Cuando el Rey lo vio, le agradó su actitud humilde y serena, observó su presencia sencilla, y entonces mandó pedir que le dieran ropa nueva y le invitaran a convivir con los cortesanos. ¡Este hombre tuvo la oportunidad que buscaba!
Esta narración nos enseña que no hay fruto jugoso en donde no se siembra con alegría. Y la Palabra de Dios nos presenta las reglas de oro para ser realmente felices. Encontramos —en Lucas 6, 27 y en Mateo 5, 38— aquel principio cristiano que tanto ha despreciado el mundo, y por cuya razón nace todo tipo de guerras: “Amen a sus enemigos, hagan bien a quienes los odian, bendigan a quienes los maldicen, oren por quienes los insultan”.
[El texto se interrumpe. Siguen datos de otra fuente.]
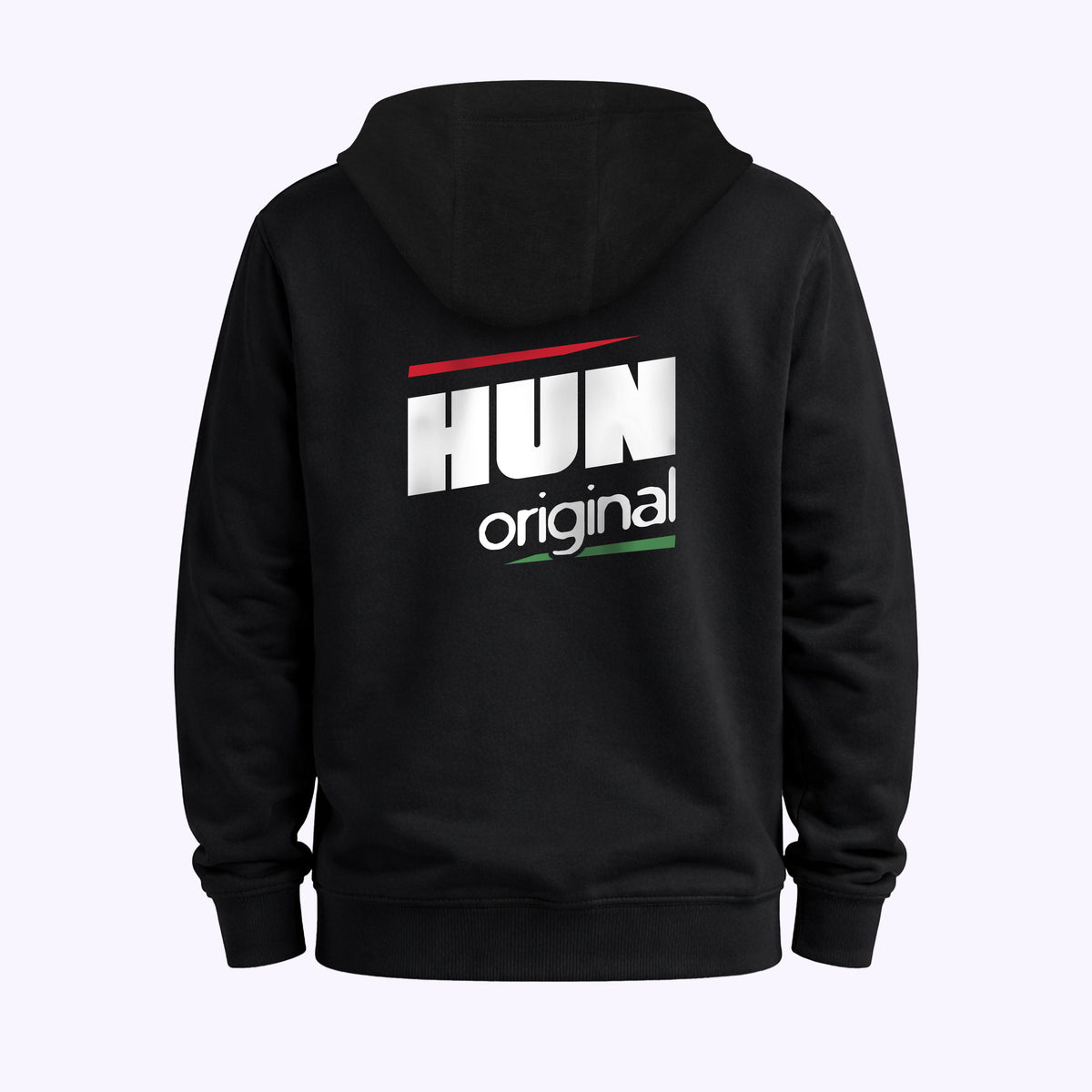 HUN Original - Férfi Kapucnis Pulóver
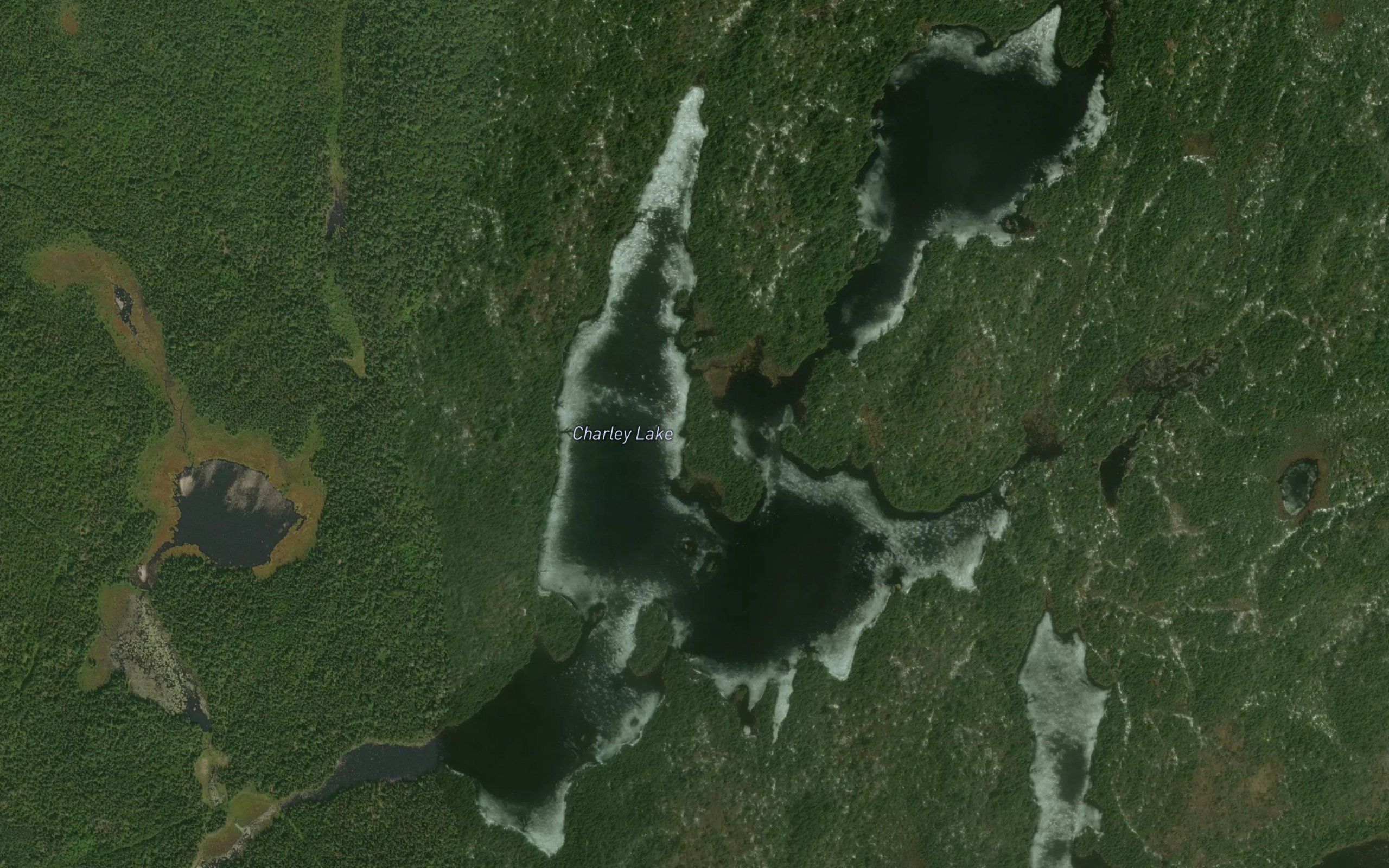Charley Lake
Una razón por la cual sentimos que “Dios no nos oye”, es que, aunque Él tenga previsto darnos abundantes bendiciones, ellas no llegan debido a que no respetamos su voluntad fielmente. No lo obedecemos.
“¿Por qué me llaman ustedes Señor, Señor, y no hacen lo que les digo?” (Mt. 7, 24). ¿Cuándo vamos a tomar en serio la Palabra de Dios? ¿Cuánto será necesario perder para entender que Dios no miente? Si en verdad quieres recibir las bendiciones del Señor, bendice. El verdadero cristiano no puede sentirse tranquilo al amar sólo a los suyos. Jesús es ejemplo para nosotros y afirma que es necesario hacer la experiencia de amar a nuestros enemigos y actuar a favor de ellos.
“Ustedes deben amar a sus enemigos y hacer el bien… así será grande su recompensa, y ustedes serán hijos del Dios Altísimo, que es también bondadoso con los desagradecidos y malos. Sean ustedes compasivos, como su Padre es compasivo” (Lc. 6, 35). Dios siempre exige sacrificio, pero cumple sus promesas y recompensa con creces. El mundo no exige nada, excepto que tú te sientas bien; mas el resultado es la amargura.
Bendice y serás bendecido. ¡Haz la experiencia!